# Please help!



## DarkFedaykin (Jun 4, 2013)

I'm new enough to compound bows that I'm sure there's something wrong with my form. But it might fall into things I don't know about, or I don't know I'm doing anything wrong.

https://www.youtube.com/watch?v=fmYma9OMne8&feature=youtube_gdata_player


----------



## P&y only (Feb 26, 2009)

For starters, Your body needs to create a capital (T) form and maintain that shape by bending at the hip. Second you need to get a lot of your palm out of the grip. Less palm=less torque.


----------



## DarkFedaykin (Jun 4, 2013)

Ok so my back arm is too high? I'm confused about the palm thing. Should i try to roll my hand forward so only my thumb bone is on the back of the bow?


----------



## Ray Ray (Aug 1, 2005)

The knuckles of your bow hand should be at a 45 degree angle to the bow. Only the pad next to your thumb should be on the bow grip.


----------



## aread (Dec 25, 2009)

The biggest thing I see is that the bow's ATA is too short for you. Because it's too short, you have to tilt your head forward to anchor your nose on the string and see through the peep. This is probably the reason you pushing your hips forward and causing your bow shoulder to be so high.

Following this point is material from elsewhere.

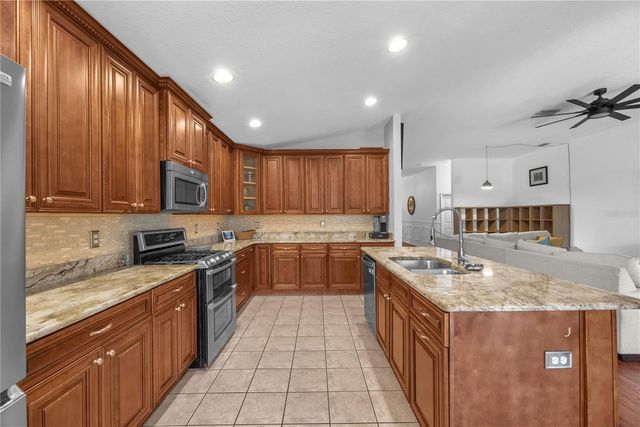 16316 BRIDGEGLADE LANE, Lithia, FL 33547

All of this makes it difficult to be centered and balanced during your shot. The high bow shoulder is less stable than if it were down a bit. 

Short bows are great for shooting from a stand or ground blind. But not so much for the rest of the year. 

JMHO,
Allen


----------



## 6bloodychunks (Oct 26, 2005)

yes, only the fatty part below your thumb should be contacting the grip.

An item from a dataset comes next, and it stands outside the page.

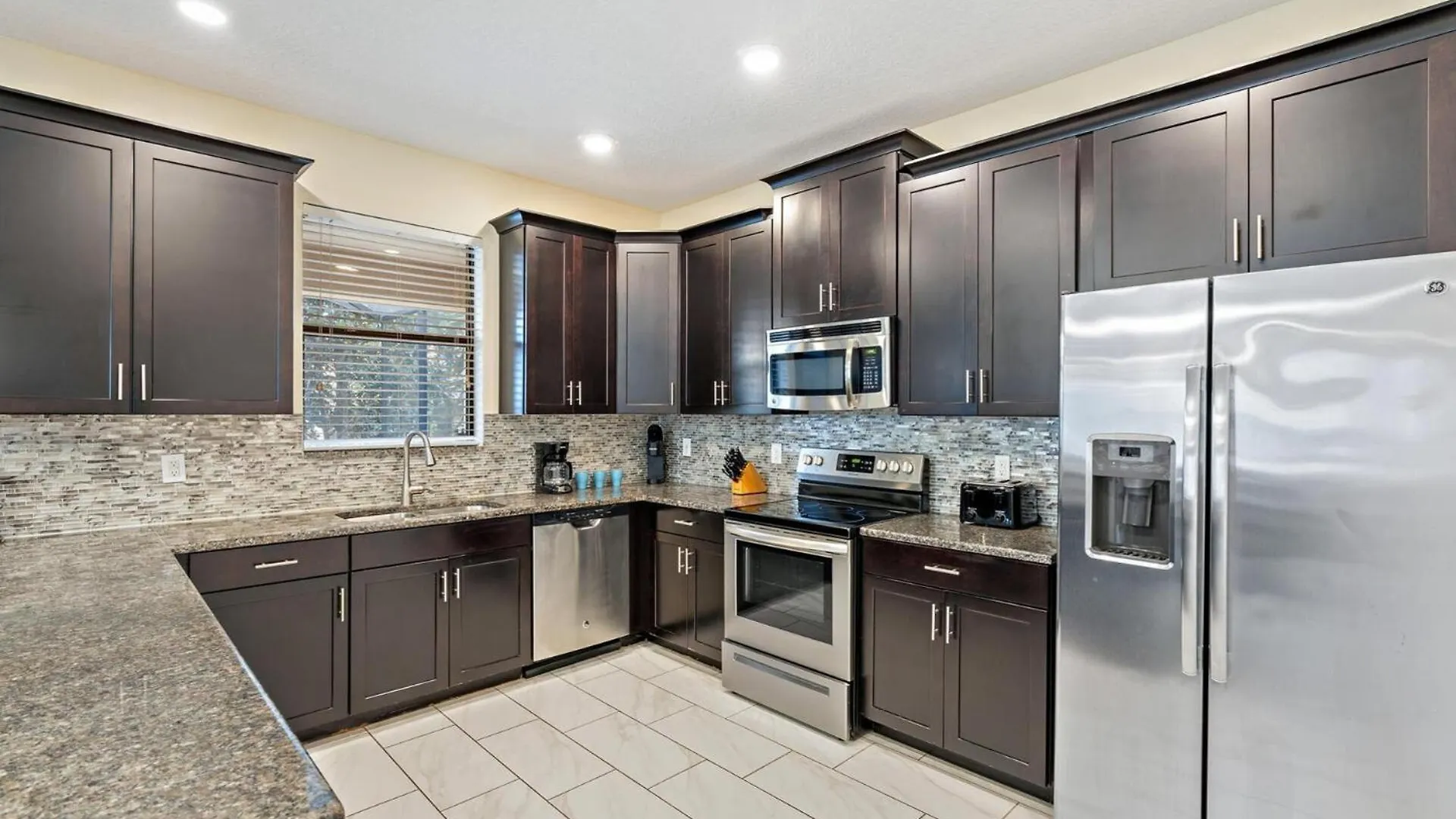Orlando Villa 6467: Pool Game Room Resort Access Davenport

a good trick ive found to show someone how to hold a bow properly is,

let your bow arm fall down to your side limp and relax your hand,

now without moving your hand or fingers raise your arm out in front of you like your holding your bow,

your hand will be in the perfect position.



think of it this way,if you put a compass on the wall and face it,when you are holding your bow,your palm should be pointing south east (for a right hand person)

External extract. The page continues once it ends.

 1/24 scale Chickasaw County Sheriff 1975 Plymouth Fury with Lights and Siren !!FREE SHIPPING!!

right now yours is pointing dead east.


----------



## DarkFedaykin (Jun 4, 2013)

Thank you all so much for the information. I will have to work on the information one part at a time to see whats helping. I appreciate any and all help i can get.

Sent from my ASUS Transformer Pad TF700T using Tapatalk HD


----------



## DarkFedaykin (Jun 4, 2013)

Here are some pictures of my grip.















Sometimes my fingers curl in more when relaxed. But I try to leave them wherever they want to float


----------



## mike 66 (Jan 21, 2010)

this is what i see,, your grip is BAD.... and you grab the bow,you punch the trigger of the release aid which looks too long, your follow through is dead.bow looks short but it might be the peep not set right for you. the [T] is off a bit.


----------



## DarkFedaykin (Jun 4, 2013)

Thanks Mike, your input has made me pay more attention. I have noticed when drawing with my eyes closed my peep was too low. This is because it wasn't served properly and was sliding up and down on my string. Thanks bass pro!!


----------